We’re back with another Sonic Celluloid at Elastic Arts, an annual event put on by Northwestern University’s WNUR radio program The Rock Show. The event highlights artists exploring the experimental and psychedelic sides of audio and video art. Each performance tonight will push sonic boundaries and incorporate deep visuals from the vast spectrum of live video. Opening the night will be prolific artist Kim Alpert and legendary drummer Chris Corsano in duo. Kim will be utilizing their experimental approaches to video art alongside a more recent exploration of improvisational audio. Chris Corsano will dive in and out of Kim’s offerings with his highly technical but often bombastic style of drumming.
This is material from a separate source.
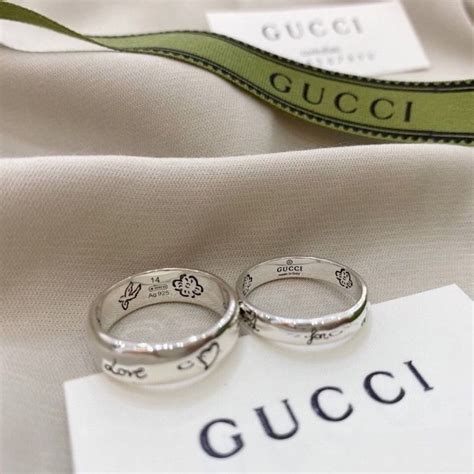 gucci couple rings|18kt gold gucci rings.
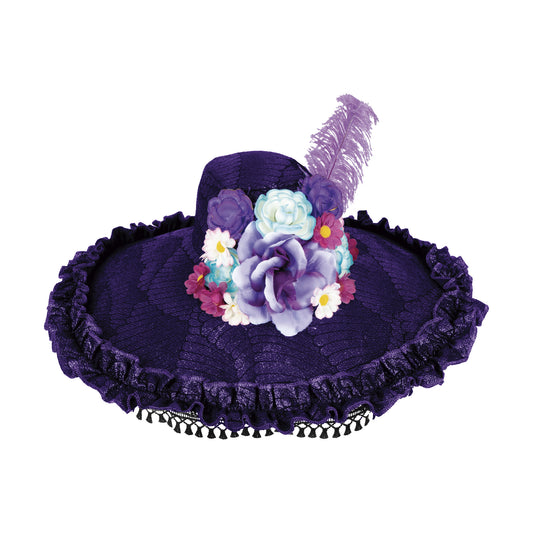 Sombrero Catrina Deluxe Morado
Following the duo we’ll see a set from Fetter, the moniker for multimedia artist Jess Tucker. Oscillating between ethereal and pounding, her all-hardware, largely improvised sets take listeners through a foggy wilderness of saturated rhythms and menacing synths, her golden voice guiding the way through even as it piles up in gushing, stuttering fragments. She incorporates video elements such as AR, animations, and live feedback to expand the space of the performance, creating layers of live and virtual perspectives on the unfolding scene. Closing the night we’ll hear from local heavy psych space rockers Killer Drones. The band goes deep and is reccomended for fans of Hawkwind, Can, and early Kraftwerk. Tonight they’ll be joined by video artist Clark Woods. We can’t wait for this full night of audio visual delight. Join us!
$15 / $10 w/ Student ID - Tickets Available Here or at the Door
Artist Bios
Media Artist Kim Alpert builds work that echos inquisitions into psychology and spirituality through time-based collage. The output can be found as video, poetry, movement, music, and interactivity, to create sculptural and performance-based systems. Kim's visual practice centers on humanism in understanding the complexities and simplistics of experience.
CHRIS CORSANO (b. 1975, USA) is a drummer who has been active at the intersections of collective improvisation, free jazz, avant-rock, and experimental music since the late 1990's. He began a long-standing, high-energy musical partnership with saxophonist Paul Flaherty in 1998. Their style, which they occasionally refer to with (semi-)tongue-in-cheek humor as "The Hated Music", combines modern free-jazz's ecstatic collectivist spirit and the urgency and intensity of hardcore punk. A move from western Massachusetts to the UK in 2005 led Corsano to develop his solo music--a dynamic, spontaneously-composed amalgam of extended techniques for drum set and non-percussive instruments of his own making: e.g. bowed violin strings stretched across drum heads, modified reed instruments, and stockpiles of resonant metal.